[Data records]
-------
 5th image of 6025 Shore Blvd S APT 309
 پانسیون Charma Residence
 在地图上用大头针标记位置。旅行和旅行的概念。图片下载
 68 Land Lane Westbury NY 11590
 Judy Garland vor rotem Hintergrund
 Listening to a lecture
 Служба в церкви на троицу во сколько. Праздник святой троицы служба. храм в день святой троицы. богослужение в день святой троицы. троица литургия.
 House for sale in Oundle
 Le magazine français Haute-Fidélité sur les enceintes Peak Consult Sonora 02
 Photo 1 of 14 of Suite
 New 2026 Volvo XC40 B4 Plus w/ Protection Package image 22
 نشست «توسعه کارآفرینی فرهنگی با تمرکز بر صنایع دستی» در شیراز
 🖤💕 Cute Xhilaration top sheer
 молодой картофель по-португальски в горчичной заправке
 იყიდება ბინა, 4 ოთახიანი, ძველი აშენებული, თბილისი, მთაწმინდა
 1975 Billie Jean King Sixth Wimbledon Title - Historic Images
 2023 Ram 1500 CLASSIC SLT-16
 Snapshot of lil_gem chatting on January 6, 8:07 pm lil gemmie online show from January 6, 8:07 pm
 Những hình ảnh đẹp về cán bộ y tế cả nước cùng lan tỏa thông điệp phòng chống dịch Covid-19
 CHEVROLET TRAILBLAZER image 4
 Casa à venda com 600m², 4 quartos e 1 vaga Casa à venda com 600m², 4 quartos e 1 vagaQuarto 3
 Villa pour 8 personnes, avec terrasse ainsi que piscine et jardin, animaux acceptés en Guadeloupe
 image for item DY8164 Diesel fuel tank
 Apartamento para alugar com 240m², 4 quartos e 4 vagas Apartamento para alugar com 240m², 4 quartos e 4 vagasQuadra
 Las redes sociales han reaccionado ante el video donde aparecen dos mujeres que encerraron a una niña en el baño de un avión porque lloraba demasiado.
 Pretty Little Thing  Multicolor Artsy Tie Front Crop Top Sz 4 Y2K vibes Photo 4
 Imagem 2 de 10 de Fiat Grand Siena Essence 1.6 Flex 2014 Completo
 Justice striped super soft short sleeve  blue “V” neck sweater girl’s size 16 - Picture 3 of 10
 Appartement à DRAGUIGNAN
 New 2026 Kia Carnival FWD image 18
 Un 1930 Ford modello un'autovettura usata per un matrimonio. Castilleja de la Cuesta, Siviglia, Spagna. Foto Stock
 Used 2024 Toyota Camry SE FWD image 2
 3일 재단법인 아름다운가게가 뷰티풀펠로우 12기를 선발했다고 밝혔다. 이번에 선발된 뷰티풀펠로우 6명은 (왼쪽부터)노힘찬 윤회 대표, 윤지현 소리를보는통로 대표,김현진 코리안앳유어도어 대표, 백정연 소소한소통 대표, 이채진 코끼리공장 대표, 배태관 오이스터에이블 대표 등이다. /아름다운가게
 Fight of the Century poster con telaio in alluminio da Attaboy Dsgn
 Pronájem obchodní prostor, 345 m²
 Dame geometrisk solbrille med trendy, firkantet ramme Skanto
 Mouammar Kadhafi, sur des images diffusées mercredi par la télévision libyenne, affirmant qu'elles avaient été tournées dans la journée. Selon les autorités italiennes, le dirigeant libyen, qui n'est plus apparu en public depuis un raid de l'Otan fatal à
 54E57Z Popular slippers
-------
▶ **PROBLEM REQUIREMENTS**
Return the data above in full. Keep every line exactly as it is.

▶ **PROBLEM SOLUTION**
 5th image of 6025 Shore Blvd S APT 309
 پانسیون Charma Residence
 在地图上用大头针标记位置。旅行和旅行的概念。图片下载
 68 Land Lane Westbury NY 11590
 Judy Garland vor rotem Hintergrund
 Listening to a lecture
 Служба в церкви на троицу во сколько. Праздник святой троицы служба. храм в день святой троицы. богослужение в день святой троицы. троица литургия.
 House for sale in Oundle
 Le magazine français Haute-Fidélité sur les enceintes Peak Consult Sonora 02
 Photo 1 of 14 of Suite
 New 2026 Volvo XC40 B4 Plus w/ Protection Package image 22
 نشست «توسعه کارآفرینی فرهنگی با تمرکز بر صنایع دستی» در شیراز
 🖤💕 Cute Xhilaration top sheer
 молодой картофель по-португальски в горчичной заправке
 იყიდება ბინა, 4 ოთახიანი, ძველი აშენებული, თბილისი, მთაწმინდა
 1975 Billie Jean King Sixth Wimbledon Title - Historic Images
 2023 Ram 1500 CLASSIC SLT-16
 Snapshot of lil_gem chatting on January 6, 8:07 pm lil gemmie online show from January 6, 8:07 pm
 Những hình ảnh đẹp về cán bộ y tế cả nước cùng lan tỏa thông điệp phòng chống dịch Covid-19
 CHEVROLET TRAILBLAZER image 4
 Casa à venda com 600m², 4 quartos e 1 vaga Casa à venda com 600m², 4 quartos e 1 vagaQuarto 3
 Villa pour 8 personnes, avec terrasse ainsi que piscine et jardin, animaux acceptés en Guadeloupe
 image for item DY8164 Diesel fuel tank
 Apartamento para alugar com 240m², 4 quartos e 4 vagas Apartamento para alugar com 240m², 4 quartos e 4 vagasQuadra
 Las redes sociales han reaccionado ante el video donde aparecen dos mujeres que encerraron a una niña en el baño de un avión porque lloraba demasiado.
 Pretty Little Thing  Multicolor Artsy Tie Front Crop Top Sz 4 Y2K vibes Photo 4
 Imagem 2 de 10 de Fiat Grand Siena Essence 1.6 Flex 2014 Completo
 Justice striped super soft short sleeve  blue “V” neck sweater girl’s size 16 - Picture 3 of 10
 Appartement à DRAGUIGNAN
 New 2026 Kia Carnival FWD image 18
 Un 1930 Ford modello un'autovettura usata per un matrimonio. Castilleja de la Cuesta, Siviglia, Spagna. Foto Stock
 Used 2024 Toyota Camry SE FWD image 2
 3일 재단법인 아름다운가게가 뷰티풀펠로우 12기를 선발했다고 밝혔다. 이번에 선발된 뷰티풀펠로우 6명은 (왼쪽부터)노힘찬 윤회 대표, 윤지현 소리를보는통로 대표,김현진 코리안앳유어도어 대표, 백정연 소소한소통 대표, 이채진 코끼리공장 대표, 배태관 오이스터에이블 대표 등이다. /아름다운가게
 Fight of the Century poster con telaio in alluminio da Attaboy Dsgn
 Pronájem obchodní prostor, 345 m²
 Dame geometrisk solbrille med trendy, firkantet ramme Skanto
 Mouammar Kadhafi, sur des images diffusées mercredi par la télévision libyenne, affirmant qu'elles avaient été tournées dans la journée. Selon les autorités italiennes, le dirigeant libyen, qui n'est plus apparu en public depuis un raid de l'Otan fatal à
 54E57Z Popular slippers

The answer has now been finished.